San Marino Defends 'High' Solar Panel Fees

The Sierra Club called the city's fees the third highest in L.A. County

By Justin Chapman, San Marino Patch, 6/28/2011

The city of San Marino defended the fees it assesses to install residential solar panels, which a Sierra Club survey found were the third-highest in Los Angeles County.
Following a , Dave Saldaña, the Director of the San Marino Planning and Building Department, told Patch on Tuesday that the fees had not changed in 15 to 20 years. 

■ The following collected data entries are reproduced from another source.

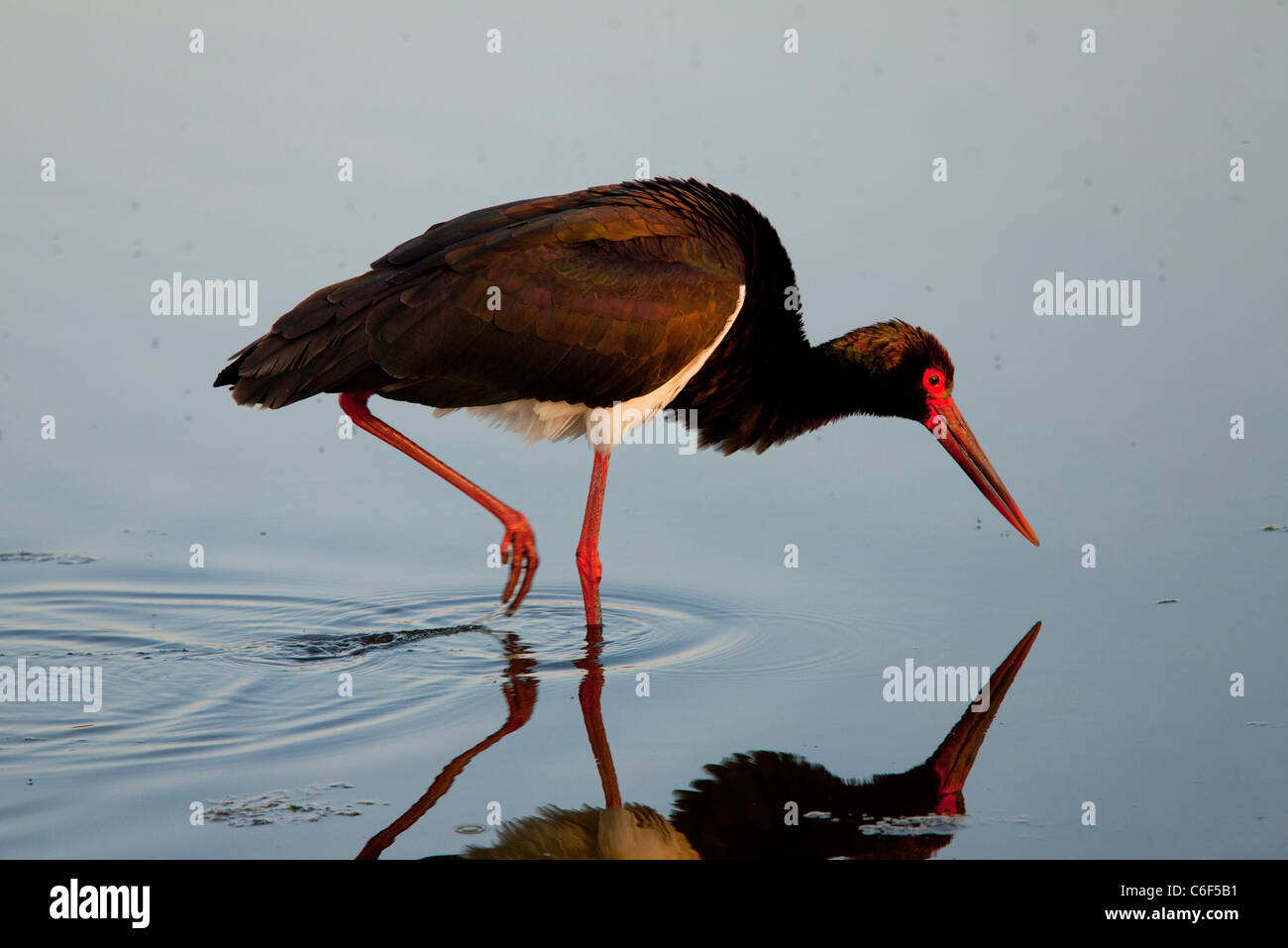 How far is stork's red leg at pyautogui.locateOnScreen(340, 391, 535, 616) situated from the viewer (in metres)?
7.49

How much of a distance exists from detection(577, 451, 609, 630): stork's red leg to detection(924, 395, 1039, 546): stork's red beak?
65.7 inches

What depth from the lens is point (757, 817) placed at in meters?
5.75

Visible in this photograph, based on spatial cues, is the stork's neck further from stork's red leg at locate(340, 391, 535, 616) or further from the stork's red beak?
stork's red leg at locate(340, 391, 535, 616)

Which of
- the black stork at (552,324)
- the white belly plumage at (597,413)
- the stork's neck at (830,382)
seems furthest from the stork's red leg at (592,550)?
the stork's neck at (830,382)

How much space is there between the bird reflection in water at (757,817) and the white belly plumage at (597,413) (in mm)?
1881

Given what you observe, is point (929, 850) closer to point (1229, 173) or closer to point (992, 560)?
point (992, 560)

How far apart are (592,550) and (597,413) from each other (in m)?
0.60

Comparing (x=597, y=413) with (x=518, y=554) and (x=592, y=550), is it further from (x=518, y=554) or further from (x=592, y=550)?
(x=518, y=554)

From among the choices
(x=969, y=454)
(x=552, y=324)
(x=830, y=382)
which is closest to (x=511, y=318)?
(x=552, y=324)

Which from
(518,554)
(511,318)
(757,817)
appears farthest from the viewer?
(518,554)

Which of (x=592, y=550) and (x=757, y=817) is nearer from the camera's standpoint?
(x=757, y=817)

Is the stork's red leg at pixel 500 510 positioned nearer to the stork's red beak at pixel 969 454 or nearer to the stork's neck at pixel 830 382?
the stork's neck at pixel 830 382

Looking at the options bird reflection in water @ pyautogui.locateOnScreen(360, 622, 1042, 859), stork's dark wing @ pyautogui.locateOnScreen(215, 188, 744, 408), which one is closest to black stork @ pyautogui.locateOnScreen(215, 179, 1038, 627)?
stork's dark wing @ pyautogui.locateOnScreen(215, 188, 744, 408)

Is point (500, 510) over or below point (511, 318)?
below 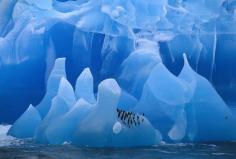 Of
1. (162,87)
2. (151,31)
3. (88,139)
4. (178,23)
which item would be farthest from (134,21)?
(88,139)

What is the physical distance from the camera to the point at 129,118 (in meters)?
5.98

"The fees are set by a rate table that was adopted by the City Council," Saldaña said. He added that the city has not lowered its fees, even though the Sierra Club has been sending him emails for more than a year with the goal of encouraging San Marino and other cities to lower permit fees to provide more of an incentive to residents and business owners to install solar panels.
"The reason we have not lowered our rates is because for many, many years we have been basing our fees on individual project evaluations," he said. "When someone wants a building permit from City Hall, we send out a permit technician to take a look at the proposed project and collect a fee. We have a table that tells us that an evaluation of x number of dollars will cost this amount of fees. The fees are proportionate to the value of the project."

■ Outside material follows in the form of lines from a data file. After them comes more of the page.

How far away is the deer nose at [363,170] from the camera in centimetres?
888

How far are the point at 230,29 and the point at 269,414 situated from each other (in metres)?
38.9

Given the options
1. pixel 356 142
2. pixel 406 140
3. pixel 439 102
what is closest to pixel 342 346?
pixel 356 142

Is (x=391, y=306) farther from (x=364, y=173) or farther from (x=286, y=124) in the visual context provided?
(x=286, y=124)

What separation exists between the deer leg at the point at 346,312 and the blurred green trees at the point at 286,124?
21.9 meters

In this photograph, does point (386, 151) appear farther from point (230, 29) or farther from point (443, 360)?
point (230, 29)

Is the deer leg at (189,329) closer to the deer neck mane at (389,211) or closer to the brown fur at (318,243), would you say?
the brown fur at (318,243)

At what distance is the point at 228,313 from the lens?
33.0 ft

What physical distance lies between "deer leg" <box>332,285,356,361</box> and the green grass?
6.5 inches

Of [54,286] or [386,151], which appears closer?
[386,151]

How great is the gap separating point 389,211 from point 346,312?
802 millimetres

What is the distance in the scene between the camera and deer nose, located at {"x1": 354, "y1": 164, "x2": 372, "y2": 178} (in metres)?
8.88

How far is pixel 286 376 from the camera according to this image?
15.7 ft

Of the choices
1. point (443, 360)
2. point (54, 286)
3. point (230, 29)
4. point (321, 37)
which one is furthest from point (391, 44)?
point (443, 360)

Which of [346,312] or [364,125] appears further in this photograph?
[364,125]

"High fees can discourage businesses and residences from making good, long-term, high-yield investments in solar power," the Sierra Club report noted.
Saldaña explained that he believes one reason why San Marino has higher permit fees than other cities is that San Marino also requires a fire marshal to be part of the process of inspecting solar panel projects.
"The reason for that is to ensure that the panels are installed in a manner so they won't suppress access for fire suppression purposes," he said. "A certain amount of any roof needs to be clear in case there's a fire and a firefighter has to axe in the roof. There is a need for the Fire Department to be involved to make sure there is adequate space on a roof, as opposed to solar panels covering an entire roof. That separates San Marino from other cities, because I don't think other cities include that as part of the fees. Therefore we don't feel it would be appropriate to lower the fees."
That raises the question of where the money goes. The Sierra Club report listed San Marino's average residential permit fee at $1,088, and the city's average commercial permit fee at $13,081. Saldaña said that the fees collected by the city offset the city's costs.
"The money the city receives is for cost recovery expenses on each of these requests, not only for the inspections that would be required but also the city's administrative costs," he said.
The same evaluation process applies to commercial permits as residential, except maybe more so because there are a greater number of people in a commercial  building, Saldaña continued.
"There's going be more time spent so the inspection will take longer as well," he said about commercial installations. "You're going to have a higher cost evaluation. Proportionally it should be an increased fee."